Creio que sendo esse português meio canibal que cresceu sob uma mangueira e comendo castanhas de caju me é permitido ser o que bem entender da forma que preferir. A Europa não me reconhece mais como um dos seus, claramente o antropofagismo se perdeu no tempo. Sou tudo isso e ao mesmo tempo não sou nada. Sou um daqueles que não quiseram mas fui acolhido.

O conhecimento de nossas escolhas nos traz a possibilidade de seguirmos, como ensinam os budistas, o dito “caminho do meio”. Não sou daqui, mas é aqui que estão as minhas raízes. Se escolho e as acolho, essas tradições passam a ser minhas.

Outro dia me perguntaram por que ainda usamos o calendário Gregoriano, e dividimos a contagem do tempo em antes e depois de Cristo, e apesar de sincera (e correta) a minha resposta não satisfez meu interlocutor: convencionou-se a usar assim.
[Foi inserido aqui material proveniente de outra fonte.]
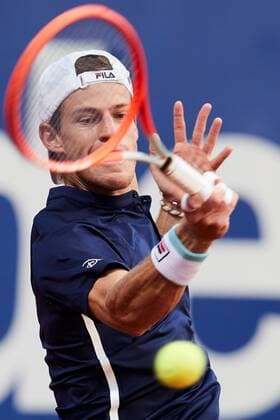 Argentinean tennis player Diego Schwartzman in action against US tennis player Francis Tiafoe during the Barcelona Open Banc Sabadell - Conde de Godo tournament round of 32 in Barcelona, Catalonia, Spain, 21 April 2021. Barcelona Open Banc Sabadell - Conde de Godo !ACHTUNG: NUR REDAKTIONELLE NUTZUNG!  Copyright: xAlejandroxGarcíax GRAF9494 20210421-637546352202301246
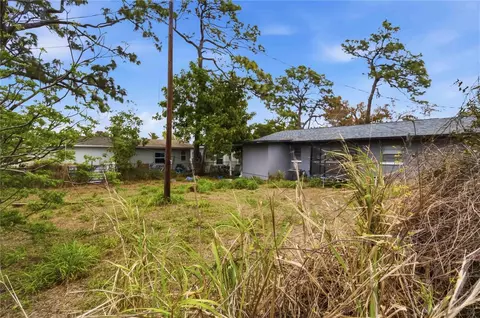 Exterior - 2710 5th St E, Bradenton, FL 34208 photo 10 of 11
O que é o Direito, a Economia, a Linguística e, creio, todas as ciências, se não um apanhado de convenções? Quem determinou, afinal, que na escala Celsius, o zero seria o ponto de congelamento da água? Convencionou-se.

Talvez, para alguns, viver em mundo sem verdades nem conceitos absolutos pode ser loucura ou pura ignorância. Para mim, é libertador, A vida, para bem ou para mal, é feita de escolhas. Não estamos atrelados a um destino imutável e irreversível. A vida e o futuro são o que fazemos deles.

Feliz Natal a todos e celebrem todas as suas tradições de preferência com muita alegria e esperança.